The financial world is closely monitoring the bid by Nasdaq OMX Group (Nasdaq) and IntercontinentalExchange Inc. (ICE) to take over the NYSE Euronext (NYSE) exchange, for $11.3 billion (Dh41.42 billion) in cash and stocks, to foil an earlier bid by the Deutsche Boerse (DBX) to buy the NYSE for nearly $10 billion.

The Nasdaq/ICE bid, if successful, will merge the three biggest equity and options exchanges and the 14th derivative exchange (ICE) in the US together, to form (if it gets regulatory approvals and passes competition scrutiny) the biggest exchange in the World for equity and options trading (Nasdaq/NYSE) and the fourth largest derivative exchange (ICE/NYSE).

This will even affect exchanges in the GCC, where Bourse Dubai has a share in Nasdaq and the Qatar exchange has a share in NYSE.

So from this huge consolidation of exchanges around the world, what can we learn to speed up our own exchanges consolidation in the UAE, between ADX and DFM (which also owns NasdaqDubai)?

Overall complexity

Everyone believes it is the right thing to do from all possible angles for quite some time now, but still we don't seem closer to achieving that important goal. In all the discussions during the past years, most of the reasons or obstacles raised for this transaction not to take place had a possible solution. There was no reason to delay that merger.

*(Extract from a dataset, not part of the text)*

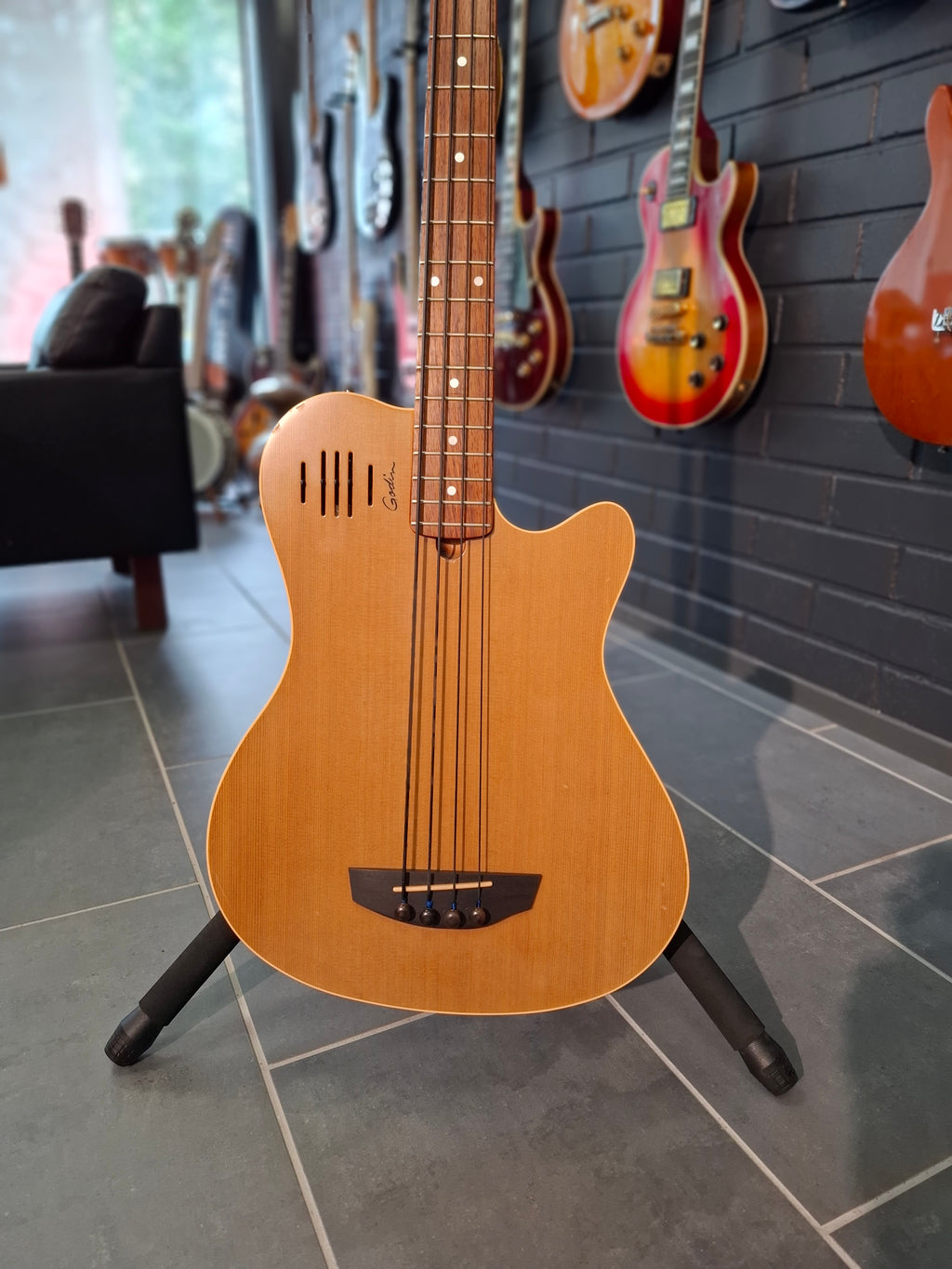 Godin A4 2004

In fact, we have many more elements in common between ADX and DFM than Nasdaq/ICE and NYSE.

In our local exchanges, the government owns the majority stakes — 100 per cent of ADX and 80 per cent of DFM. So, reaching a financial offer acceptable to all the affected shareholders while protecting the minority makes it that much more probable.

Let us not forget that due to the effects of the financial slowdown of 2008, we saw minority shareholders become diluted by more than 75 per cent in some public companies.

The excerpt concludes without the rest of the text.